### About this exercise
Retype the data below exactly; skip every image.

### Data shown

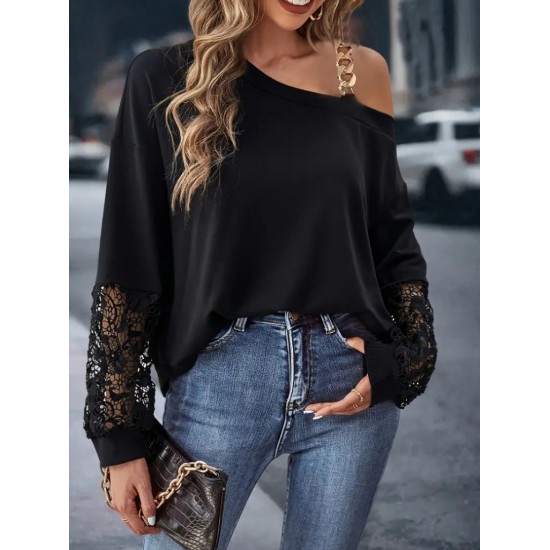 Kadın Uzun Kollu Tek Omuzu Açık Dantelli Viskon Iki Iplik Bluz, 29911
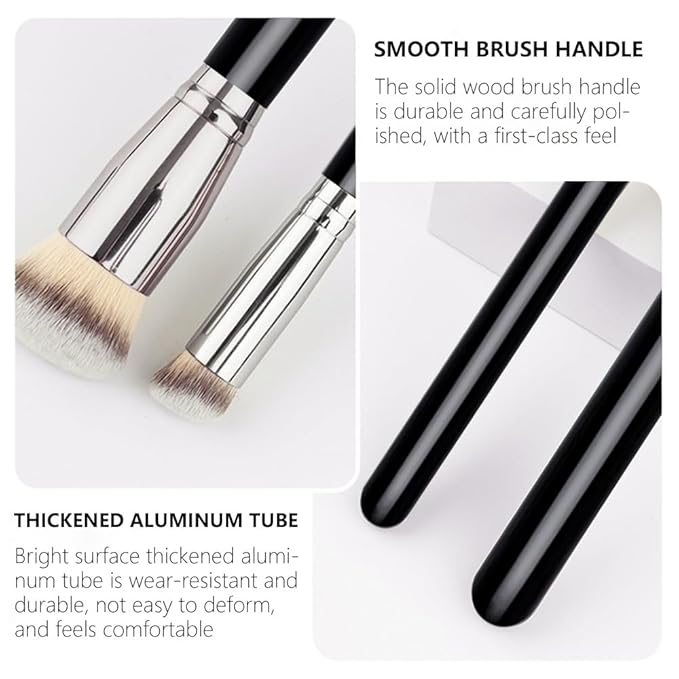 2Pcs Concealer Brush Set, Dense Mini Angled Kabuki Makeup Brush for Blending Under Eye Concealer, Detailed Nose Contour Setting Powder, Foundation & Eyeshadow, 270+370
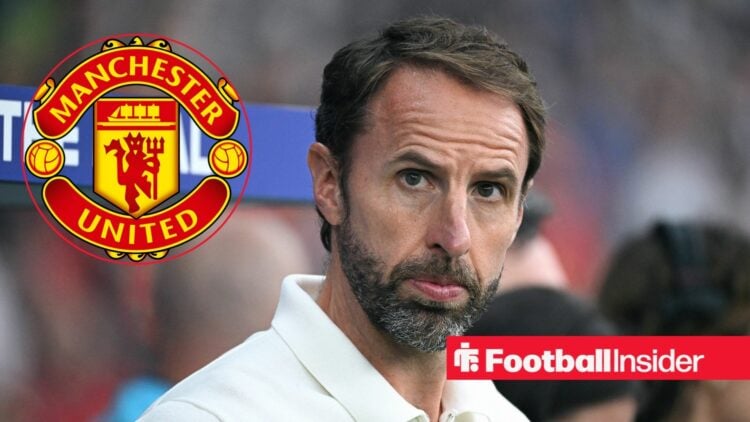 Gareth Southgate watches the England national team from the sidelines with Manchester United club badge inset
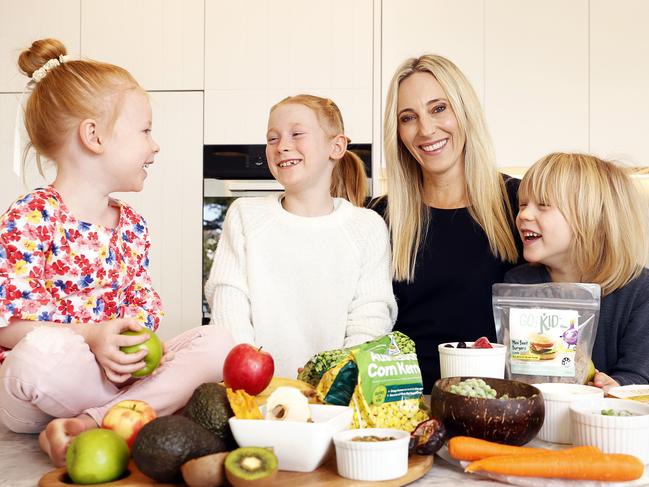 Amelia Phillips, pictured with three of her four children: Charlotte 7, Angus 6 and Ella 4. Picture: Tim Hunter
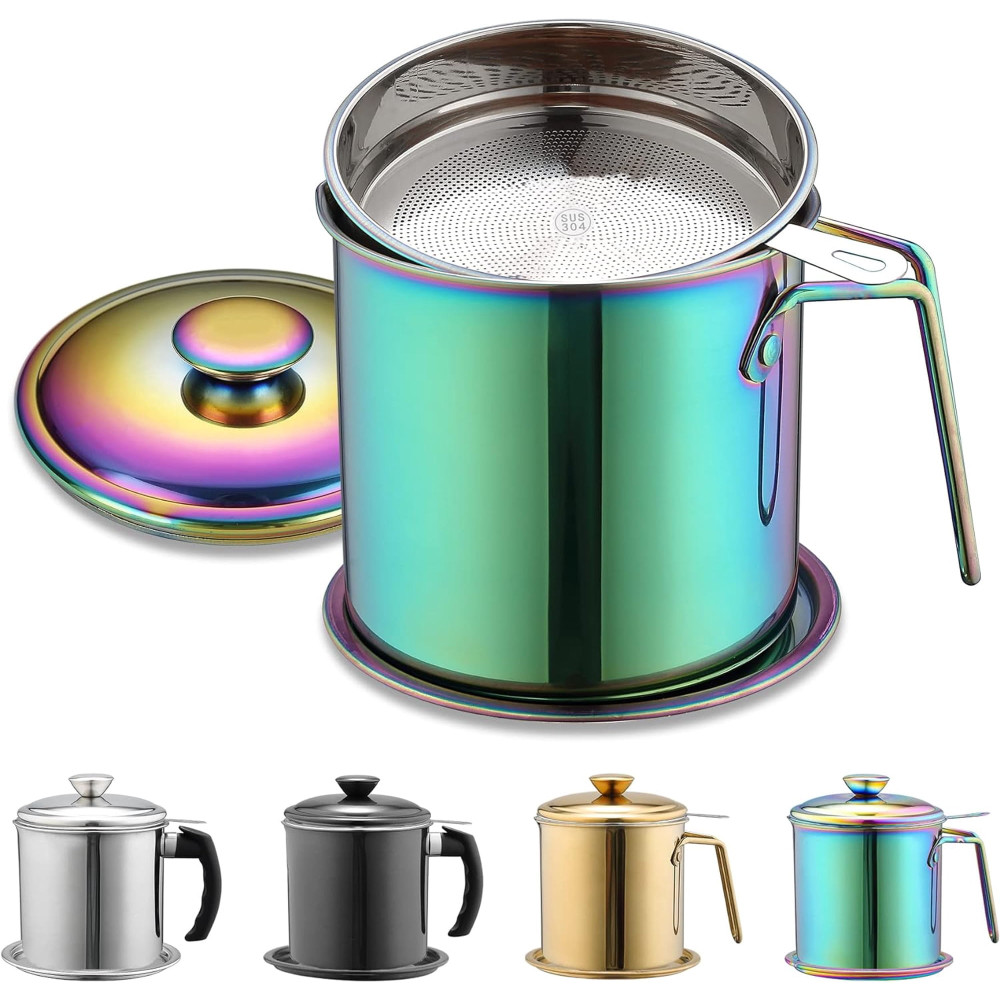 Berglander Rainbow Bacon Grease Container with Strainer 47oz/1.4L, Titanium Colorful Plating Stainless Steel Oil Storage Container with Fine Mesh Strainer Dust-Proof for Storing Frying Oil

### Exercise answer
 Kadın Uzun Kollu Tek Omuzu Açık Dantelli Viskon Iki Iplik Bluz, 29911
 2Pcs Concealer Brush Set, Dense Mini Angled Kabuki Makeup Brush for Blending Under Eye Concealer, Detailed Nose Contour Setting Powder, Foundation & Eyeshadow, 270+370
 Gareth Southgate watches the England national team from the sidelines with Manchester United club badge inset
 Amelia Phillips, pictured with three of her four children: Charlotte 7, Angus 6 and Ella 4. Picture: Tim Hunter
 Berglander Rainbow Bacon Grease Container with Strainer 47oz/1.4L, Titanium Colorful Plating Stainless Steel Oil Storage Container with Fine Mesh Strainer Dust-Proof for Storing Frying Oil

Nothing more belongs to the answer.